Start of Block

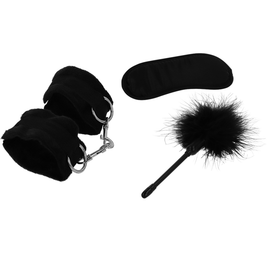 Intenso - Set Da Gioco Erotico Fetish 2 Con Manette, Maschera Cieca E Solleticatore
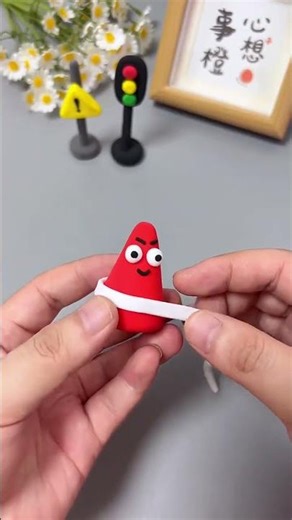 #Knowledge Seed Project Clay Patrick Star Triangle Stack: How It's Made! #Clay Crafts #shortvideo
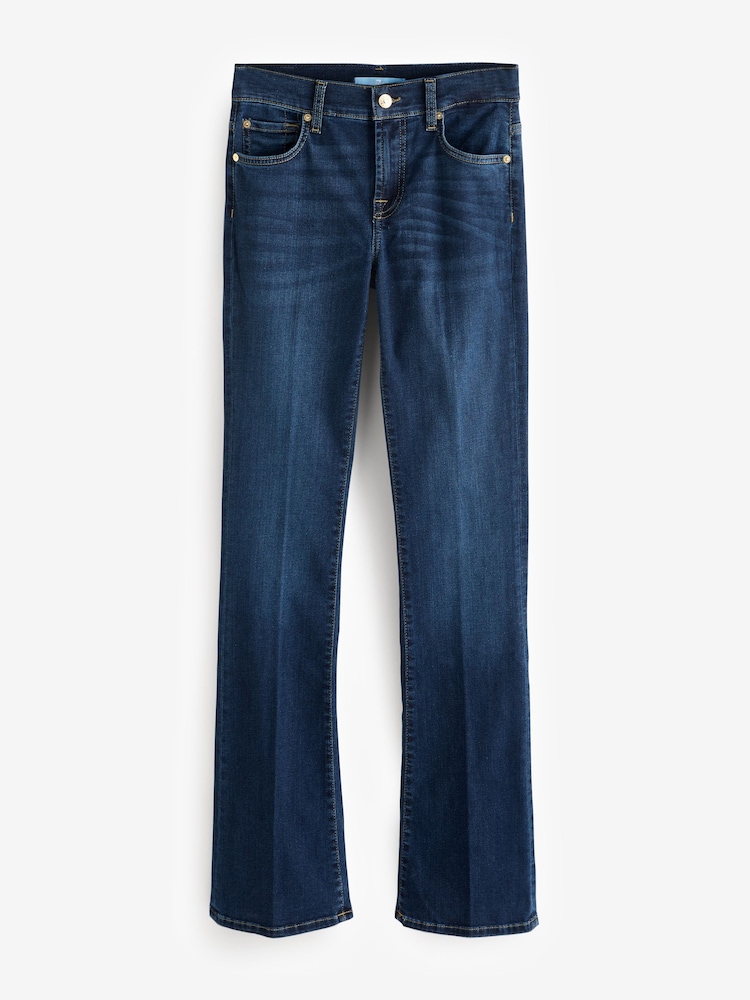 7 For All Mankind Dark Blue Bair Rinsed Bootcut Flare Jeans - Image 5 of 5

End of Block

Take the line with "#Knowledge Seed Project" and each line after it through the end of the material above, and reproduce them exactly, both ends included, without pictures.

 #Knowledge Seed Project Clay Patrick Star Triangle Stack: How It's Made! #Clay Crafts #shortvideo
 7 For All Mankind Dark Blue Bair Rinsed Bootcut Flare Jeans - Image 5 of 5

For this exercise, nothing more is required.